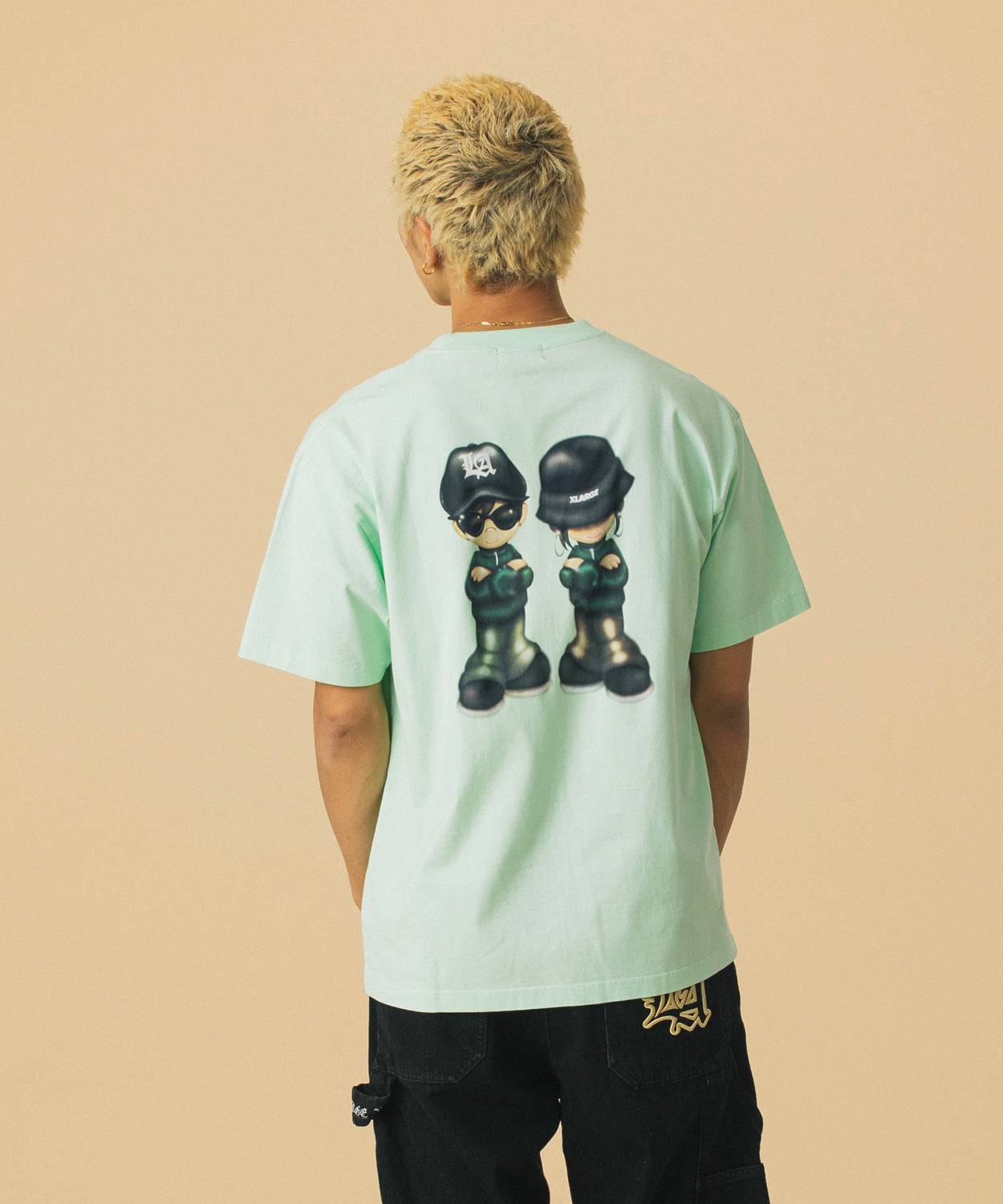 เสื้อยืดแขนสั้น XLARGE รุ่น Kids S/S Tee
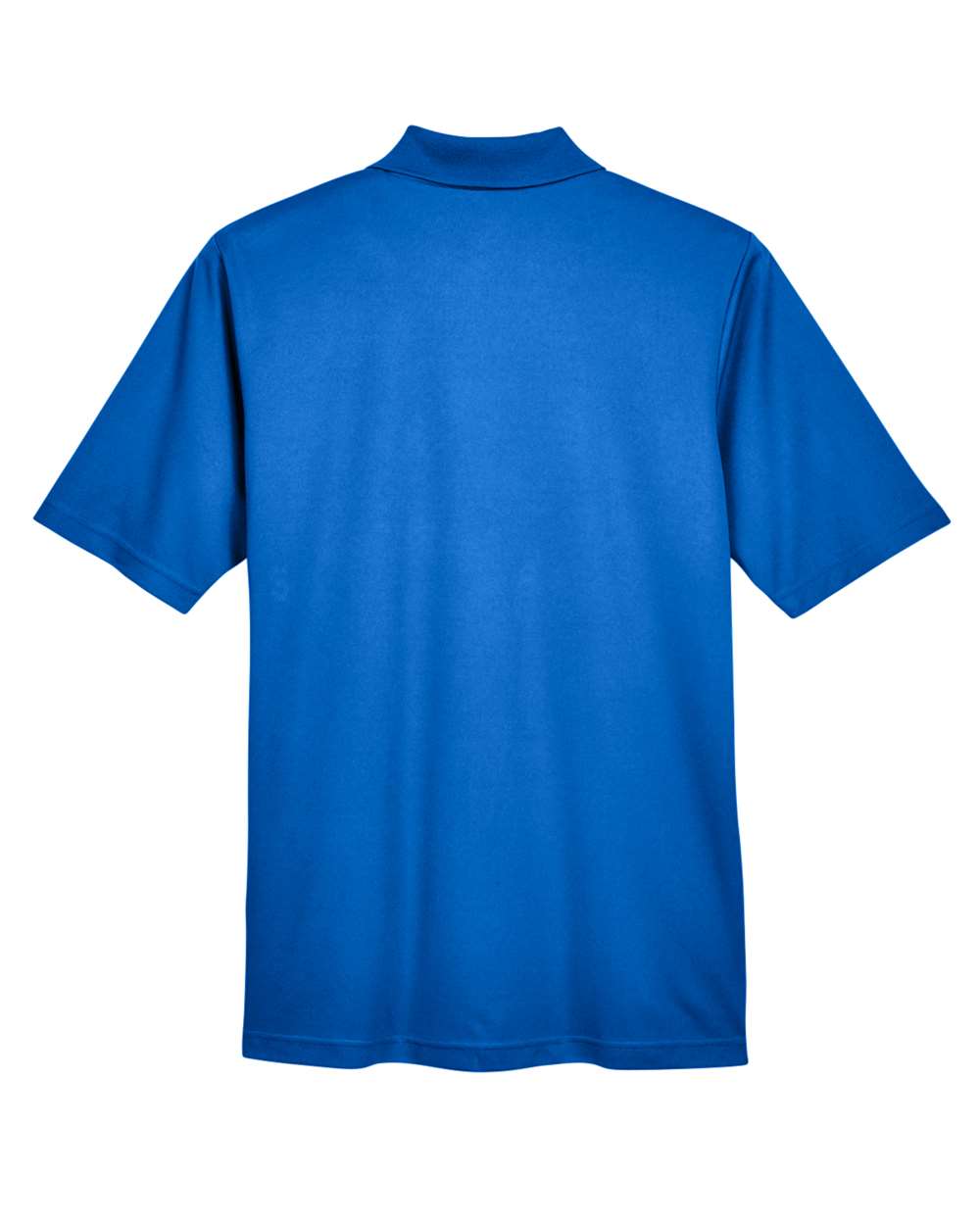 Men's Origin Performance Piqué Polo with Pocket - Back - B222A7753 - True Royal
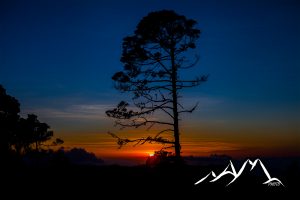 Nevado de Toluca - Sunset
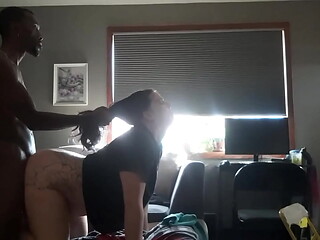 Nextdoorlustbunny &amp_ Blacksugga having an afternoon delight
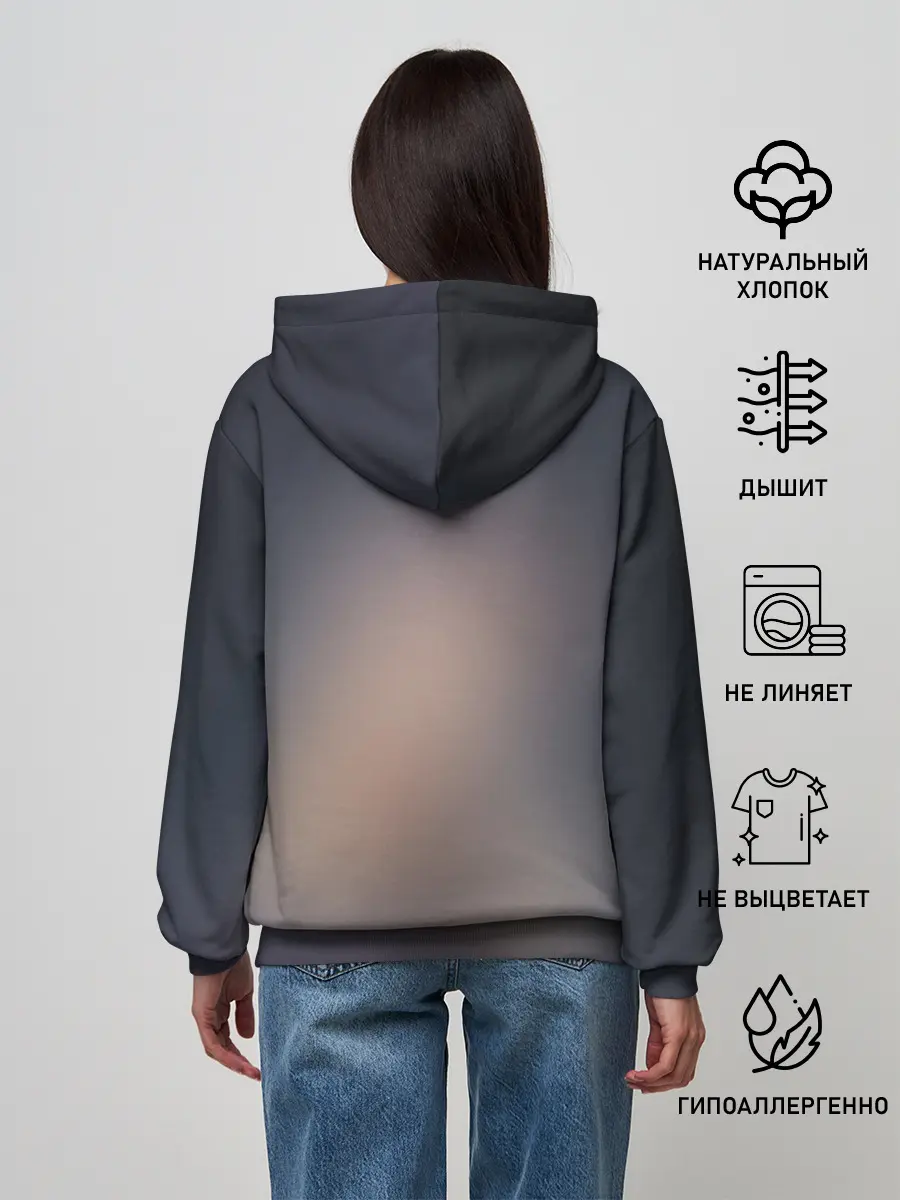 Женское худи / Hair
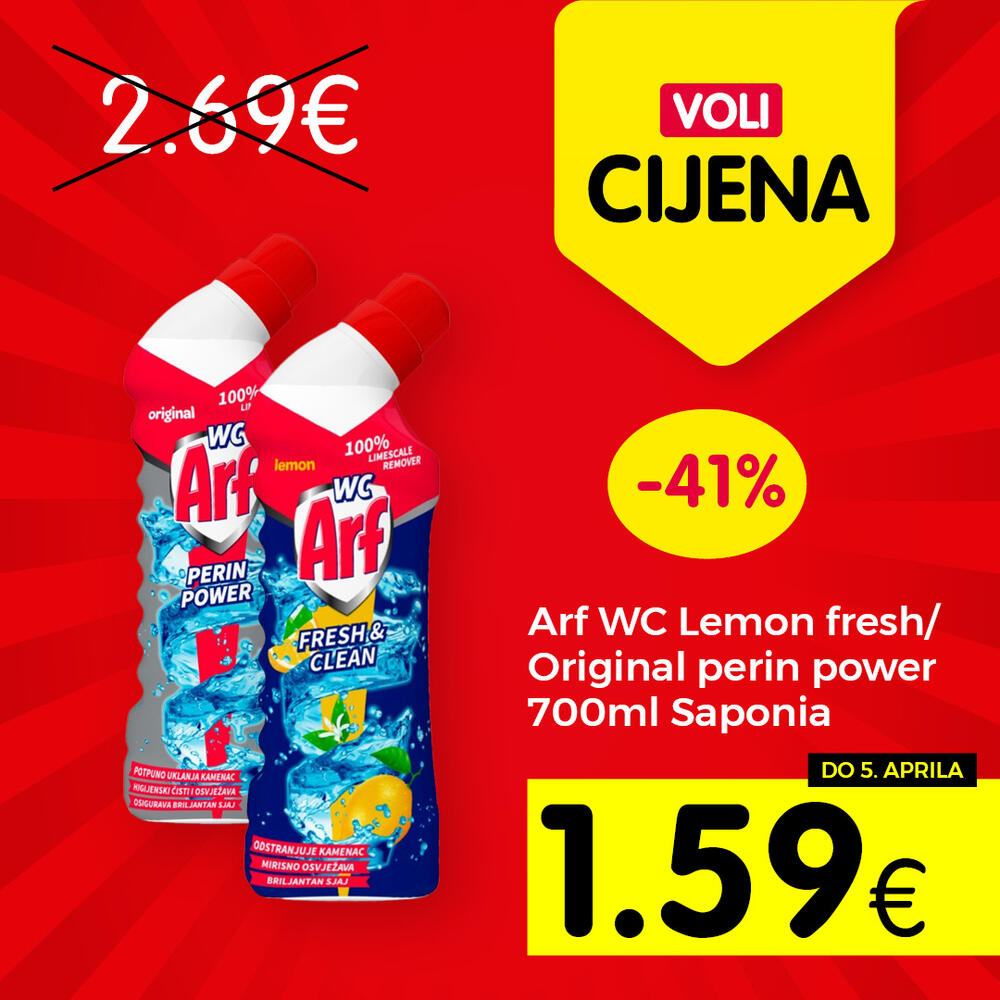 <p>Kupovinom u VOLI i Naš diskont marketima uštedjećete mnogo</p>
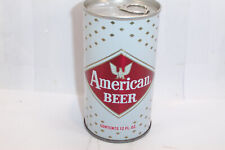 American Beer   Straight Steel   Pittsburgh Brewing PA  Bottom Opened USBC 33/27 picture
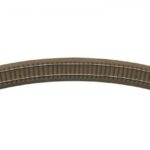 Rail courbe R4 579.3mm 30° TRIX-62430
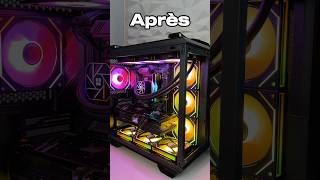 Le résultat est juste magnifique 🤩 #techfr #pc #cleansetup #short #techtok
☆ ☆ ☆
# [YOUR INSTRUCTIONS]
Find the line that contains "<p>Kupovinom u VOLI", then write out that line and every line after it through the end of the records, exactly. Leave the pictures out.

# [OUTPUT FOR THIS EXERCISE]
 <p>Kupovinom u VOLI i Naš diskont marketima uštedjećete mnogo</p>
 American Beer   Straight Steel   Pittsburgh Brewing PA  Bottom Opened USBC 33/27 picture
 Rail courbe R4 579.3mm 30° TRIX-62430
 Le résultat est juste magnifique 🤩 #techfr #pc #cleansetup #short #techtok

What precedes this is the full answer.